Step 2. Implement a Fair Wage and Compensation Plan
Once your review of your pay structure is complete, the question then is, is it fair? Are older employees being paid enough? Are newer employees being paid too much? Are higher wages a solution? Are there scarce or specialized roles that will need filling with top-tier talent? How is the job market? Are there market conditions or competitors who need to be considered?
Your salary and wage compensation plan needs to be fair and equitable if you want harmony. In all likelihood, this means that you not only likely need to increase the pay for underpaid employees, but moreover, you might have to slow down annual salary adjustments and bonuses for higher-salaried staff members. (You can make it up to them with other lucrative, creative perks such as flextime, wellness benefits, and so on.) Fairness to new and old employees alike is the goal.
Step 3. Remember, Pay is Only One Part of an Overall Compensation Strategy
Yes, of course, a higher salary is what people want from work, but it also behooves us to remember that wages are only one part of an overall benefits package. This fact is especially salient for small businesses that often cannot afford to increase wages across the board to rectify a pay compression problem.
The solution here then is to address pay compression by being creative with your incentives and benefits package as a way to even the playing field. There are all sorts of other perks that you could offer team members as a way to “make up” for other employees being paid seemingly disproportionately more. Some include:
- Flextime and additional personal time off (PTO): Consider increasing the amount of time employees can take off and make sure it’s substantially more than that of newer employees.

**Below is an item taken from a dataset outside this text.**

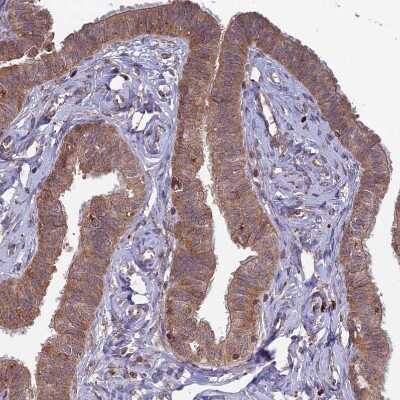 Immunohistochemistry-Paraffin: RCCD1 Antibody [NBP1-93517]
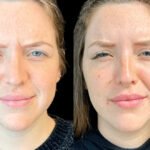 Botox for Anti-Aging with the Best Plastic Surgeons in dubai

- Better healthcare benefits: You can cover more of your employees’ premiums and/or offer plans that have more doctors and healthcare options to choose from. You could also opt for wellness options like gym memberships.
- Professional development: Think about paying for employees to attend training sessions and conferences. That can help employees stay excited about their work and feel like it’s benefitting them personally (since they’ll be learning and growing themselves).
- Bonuses or stock options: If you can’t give a regular salary increase, you may be able to do a one-time bonus or gift stock options. That can make employees feel like they’re being monetarily compensated for all their hard work.
How Chipotle Dealt with Their Pay Compression Issues
The good news is that salary compression is not a death sentence—it can be fixed with a little forethought and planning. Engage your human resources department, analyze pay structures, and work on that pay gap (or lack thereof).
That’s what Chipotle did.
The Mexican fast-food chain was aware of the potential for disruption caused by salary compression. So it took action:
It conducted a thorough wage analysis of the company’s pay structure and found it lacking. To resolve the situation, it decided to make up for any discrepancies. It raised front-line restaurant employees’ wages to $15 an hour. And, crucially, it also decided on salary increases for managers and other long-time team members. Finally, to pay for these wage increases, Chipotle raised menu prices by four percent.
The first thing to notice that the company did right (aside from recognizing that they had a potential problem) was to analyze pay gaps and pay structures comprehensively, company wide. The main thing to focus on is whether new employees are paid at or near that of their supervisors. From there, you can take swift action with all the strategies we listed above.
Salary Compression is Actually an Opportunity, not a Problem
Noticing that your company has a pay issue is certainly not necessarily a deal-killer for your office. Indeed, it could be quite the opposite. By realizing you have this issue, you are being given the opportunity to show your staff that you care about them and about fairness and equity, and that you are committed to showing how much you value them.
Solve the problem and you will find that increased loyalty and productivity will be the result.